Cuff by Ocean Girl, Leslie Shattuck.
The cuff pictured looks like reticulated silver over copper. Is this the type of edge that you are talking about? Those edges are probably curled by melting and/or curled with a little assist from round nosed pliers.
As far as anticlastic or synclastic curling, you should check out Creative Metal Forming by Betty Helen Longhi and Cynthia Eid. Also, see Foldforming by Charles Lewton-Brain for other forming/forging techniques.
Some links are via my affiliate link to Amazon. (See note at end).*
You can use a dapping punch shaft, rod or jump ring mandrel and hammer around that. Lubricate the form for easier removal. It would probably be easier to do this before shaping into a cuff or a ring. Lubrication can be beeswax, Jewelers Lube solid, Liquid Bur Life or other types of lubrication.
You can use pliers – although, you might want to dip them in Plasti-dip or wrap with tape to protect the metal. Pliers can be utilized after shaping, of the cuff, is done but it will be more inconsistent and harder to control. If you shape after curling the edges, care must be taken to keep the curl from being crushed by the mallet. You can purchase pliers that have Delrin jaws. I don’t like the pliers with nylon jaws as I’ve found that the material breaks apart rather quickly.
Another idea, and probably the most permanent (while still being removable), is using thermoplastic to cover the tips of your pliers. I just found this thermoplastic sheet that might work well for covering 1/2 round and flat pliers. I have not tried this product yet but, I’ve ordered some to try out. You can create a cone (learn how in my video: How to Make a Cone.) for your pliers, from the sheet. I’d cut out the cone shape and then heat the plastic and then apply it to the pliers. Rio Grande sells a Jett Ballistic Fixturing Compound, that contains Kevlar for added durability and strength. I have not used this product yet but, have also ordered it to try out. Rio also sells Jett Sett Basic which is a very durable and versatile tool for jewelers.

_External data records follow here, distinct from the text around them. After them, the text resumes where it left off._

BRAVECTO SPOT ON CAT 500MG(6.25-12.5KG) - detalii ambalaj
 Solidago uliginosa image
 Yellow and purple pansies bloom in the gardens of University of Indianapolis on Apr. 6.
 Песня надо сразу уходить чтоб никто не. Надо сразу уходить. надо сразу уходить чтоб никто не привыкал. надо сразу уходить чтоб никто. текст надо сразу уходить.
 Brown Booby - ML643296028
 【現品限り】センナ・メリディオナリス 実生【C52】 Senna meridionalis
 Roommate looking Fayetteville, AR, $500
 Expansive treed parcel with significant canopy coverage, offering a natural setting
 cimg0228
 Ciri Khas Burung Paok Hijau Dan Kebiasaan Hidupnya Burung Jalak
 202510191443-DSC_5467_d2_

You can also use pitch and chasing & repoussé tools to create rounded/curled sides too.
Another method involves hammering a 90° angle on the edge and then “curling” that over by using the mallet.
I have a video: Fusing Silver and Reticulation on Copper that might help you to create reticulated silver on copper. Soham Harrison has a video on how to make a “wavy-edged” cuff that might help too: Wavy Edge Anticlastic Bangle.
See also, Michael Good’s: Anticlastic. A good article on the process from a man who really understands the process.
Hope all of this info helps!
*Side note: By purchasing through my affiliate links, you are helping to support the free services I provide.
Shaping Cuffs with Bezels
Can you give me any tips and guidance in shaping a bracelet (cuff)? What kind of mandrel to use, how to solder or add embellishment to it? Are there any standard sizes ?
There isn’t one standard size of cuff – use whatever size fits comfortably yet, meets your design vision. Of course, there are common ranges of sizes but, widths can be varied. Here’s a link to a small chart of bracelet sizes at Jewelry Making Journal. Here is a link to a tutorial on making them.
On average, cuffs are around 6″ long.